- _ACTIVITY_
All the data should be printed again exactly as written.

- _RECORDS_
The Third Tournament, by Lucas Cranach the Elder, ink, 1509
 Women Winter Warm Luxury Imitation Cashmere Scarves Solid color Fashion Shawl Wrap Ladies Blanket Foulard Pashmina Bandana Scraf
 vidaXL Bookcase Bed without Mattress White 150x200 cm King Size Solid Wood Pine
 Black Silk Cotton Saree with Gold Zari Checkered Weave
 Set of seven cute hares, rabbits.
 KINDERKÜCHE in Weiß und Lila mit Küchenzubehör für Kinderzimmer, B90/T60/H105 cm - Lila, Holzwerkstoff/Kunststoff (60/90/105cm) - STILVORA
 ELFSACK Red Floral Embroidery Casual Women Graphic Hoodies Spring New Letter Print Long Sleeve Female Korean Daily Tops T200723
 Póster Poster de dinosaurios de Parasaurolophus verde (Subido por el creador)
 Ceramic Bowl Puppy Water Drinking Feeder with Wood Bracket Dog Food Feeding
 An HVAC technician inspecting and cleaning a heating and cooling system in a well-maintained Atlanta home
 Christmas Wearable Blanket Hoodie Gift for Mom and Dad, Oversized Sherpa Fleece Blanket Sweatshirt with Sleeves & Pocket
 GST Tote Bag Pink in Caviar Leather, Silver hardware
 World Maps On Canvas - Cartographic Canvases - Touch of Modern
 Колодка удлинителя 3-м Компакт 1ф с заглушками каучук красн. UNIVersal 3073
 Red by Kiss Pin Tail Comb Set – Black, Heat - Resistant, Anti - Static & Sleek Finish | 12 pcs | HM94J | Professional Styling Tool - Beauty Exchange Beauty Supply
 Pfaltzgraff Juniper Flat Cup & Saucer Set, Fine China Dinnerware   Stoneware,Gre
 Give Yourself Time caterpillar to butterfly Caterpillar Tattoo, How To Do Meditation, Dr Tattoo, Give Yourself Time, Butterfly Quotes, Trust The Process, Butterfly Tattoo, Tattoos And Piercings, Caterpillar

- _WRITTEN ANSWER_
The Third Tournament, by Lucas Cranach the Elder, ink, 1509
 Women Winter Warm Luxury Imitation Cashmere Scarves Solid color Fashion Shawl Wrap Ladies Blanket Foulard Pashmina Bandana Scraf
 vidaXL Bookcase Bed without Mattress White 150x200 cm King Size Solid Wood Pine
 Black Silk Cotton Saree with Gold Zari Checkered Weave
 Set of seven cute hares, rabbits.
 KINDERKÜCHE in Weiß und Lila mit Küchenzubehör für Kinderzimmer, B90/T60/H105 cm - Lila, Holzwerkstoff/Kunststoff (60/90/105cm) - STILVORA
 ELFSACK Red Floral Embroidery Casual Women Graphic Hoodies Spring New Letter Print Long Sleeve Female Korean Daily Tops T200723
 Póster Poster de dinosaurios de Parasaurolophus verde (Subido por el creador)
 Ceramic Bowl Puppy Water Drinking Feeder with Wood Bracket Dog Food Feeding
 An HVAC technician inspecting and cleaning a heating and cooling system in a well-maintained Atlanta home
 Christmas Wearable Blanket Hoodie Gift for Mom and Dad, Oversized Sherpa Fleece Blanket Sweatshirt with Sleeves & Pocket
 GST Tote Bag Pink in Caviar Leather, Silver hardware
 World Maps On Canvas - Cartographic Canvases - Touch of Modern
 Колодка удлинителя 3-м Компакт 1ф с заглушками каучук красн. UNIVersal 3073
 Red by Kiss Pin Tail Comb Set – Black, Heat - Resistant, Anti - Static & Sleek Finish | 12 pcs | HM94J | Professional Styling Tool - Beauty Exchange Beauty Supply
 Pfaltzgraff Juniper Flat Cup & Saucer Set, Fine China Dinnerware   Stoneware,Gre
 Give Yourself Time caterpillar to butterfly Caterpillar Tattoo, How To Do Meditation, Dr Tattoo, Give Yourself Time, Butterfly Quotes, Trust The Process, Butterfly Tattoo, Tattoos And Piercings, Caterpillar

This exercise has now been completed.